Manifestement, il est passé entre les mailles du filet.

Comme Jonathan Pomares, également suivi par des intervenants en santé mentale quand il a tué ses deux enfants, Hugo et Élise, avant de se suicider, le 22 octobre.

Comme Nabil Yssaad, qui a assassiné son ex-femme Dahia Khellaf et ses deux enfants, le 11 décembre, malgré un « 810 » qui devait le tenir à l’écart de sa famille.

Comme cet homme qui a agressé son ex à la pointe d’un couteau, dimanche, malgré les conditions supposément blindées qui l’empêchaient de s’approcher d’elle.

« Le système judiciaire n’est pas fait pour nous, les femmes. Il est fait pour les criminels », a confié la victime à ma collègue Katia Gagnon. « Je ne vois pas le bout du tunnel. Je ne vois pas la liberté. »

Que peut-on faire pour ces milliers de femmes et d’enfants qui vivent dans la peur et que notre système protège si mal ?

On ne peut tout de même pas enfermer tous les hommes violents et jeter la clé.
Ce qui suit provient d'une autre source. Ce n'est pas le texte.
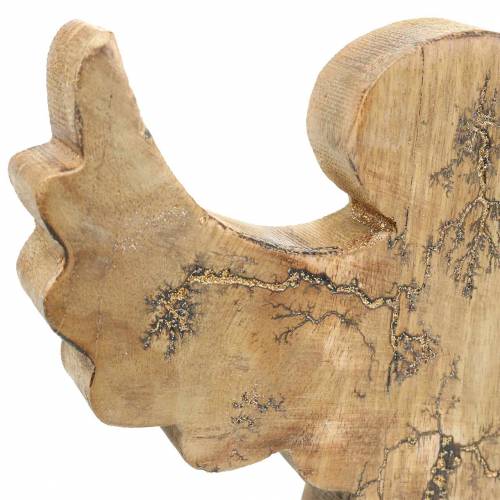 Floristik21 Holzengel mit Glitterintarsien Natur Mangoholz 19,4 × 18,3cm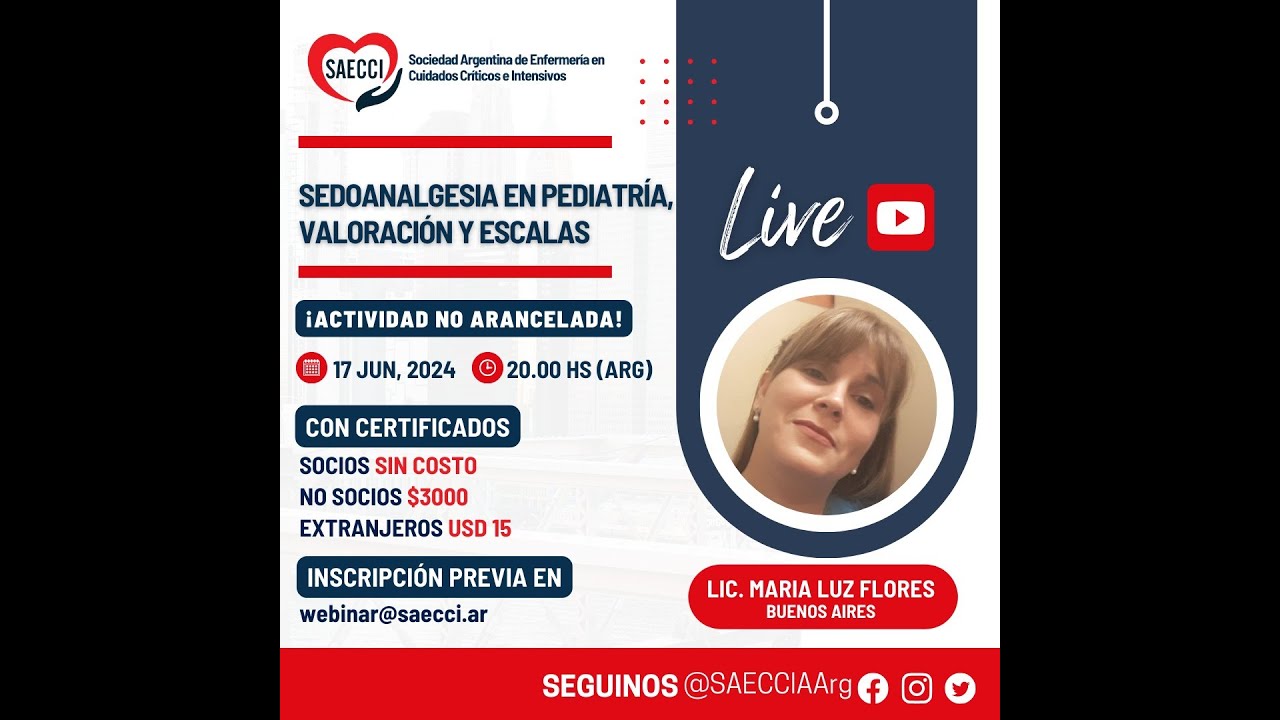 WEBINAR  SEDOANALGESIA EN PEDIATRIA, VALORACION Y ESCALAS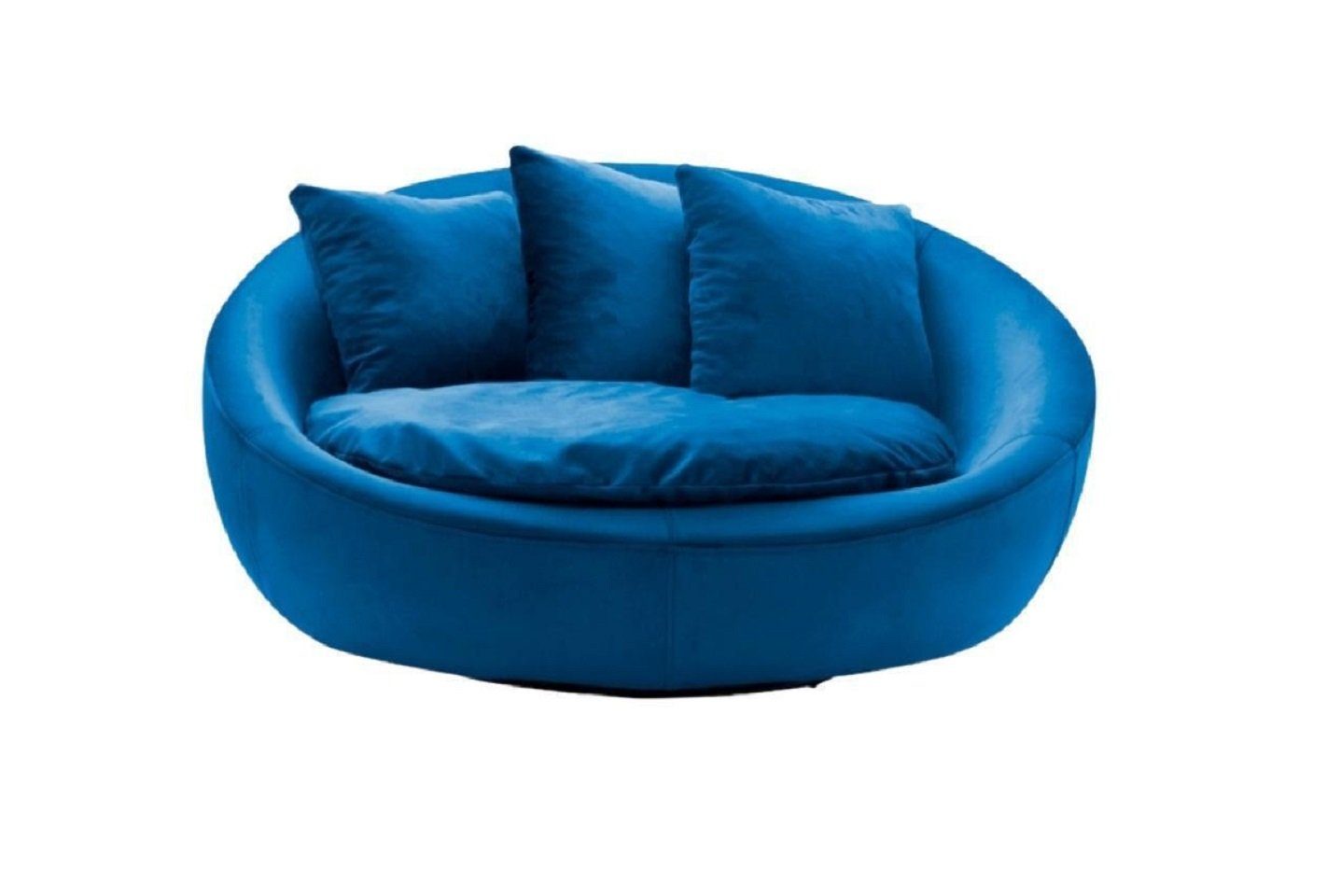 JVmoebel Sessel Großer Lounge Club Big Sessel Einsitzer Couch Sofa 124x105cm Blau | Einzelsessel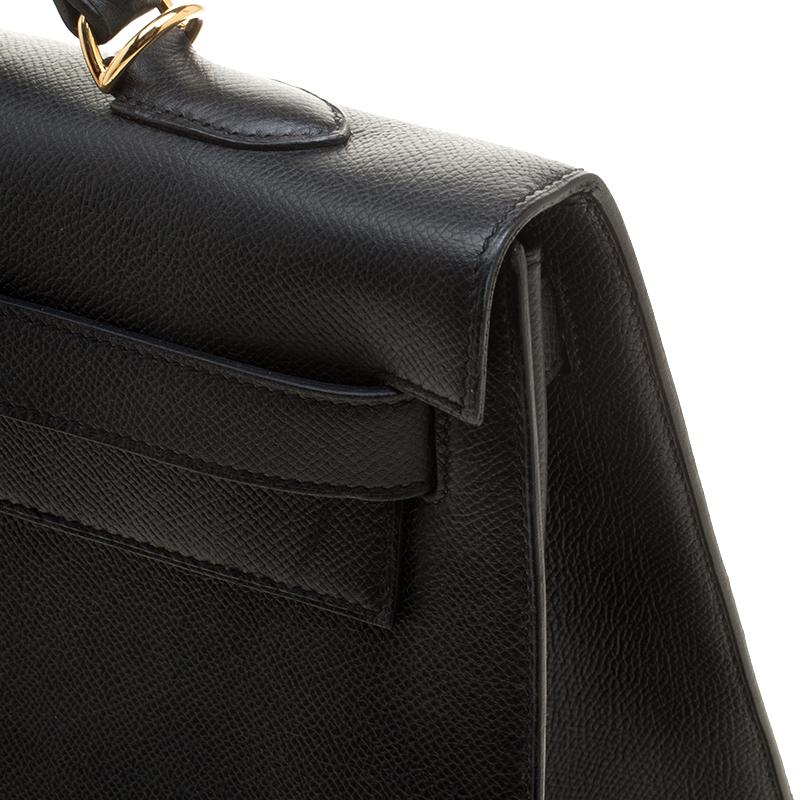 Hermes Black Epsom Leather Gold Hardware Kelly Sellier 40 Bag 6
Pas si on croit en la réinsertion sociale.

Il faut chercher ailleurs. François Legault a fait un pas dans la bonne direction, hier, en annonçant la création d’un plan d’action contre la violence conjugale. Le premier ministre a laissé entendre que, pour réussir, il faudra y mettre des sous.

En effet. Pour réussir, il faudra mieux soutenir les maisons d’hébergement débordées. Mieux soutenir les hommes, aussi, qui souffrent de problèmes de santé mentale.

Mieux soutenir des organismes comme la Maison Kangourou, refuge montréalais pour enfants en détresse, sur le point de sombrer depuis un vulgaire dégât d’eau.

Il est temps d’investir, M. Legault. Le bateau coule. Les femmes et les enfants d’abord.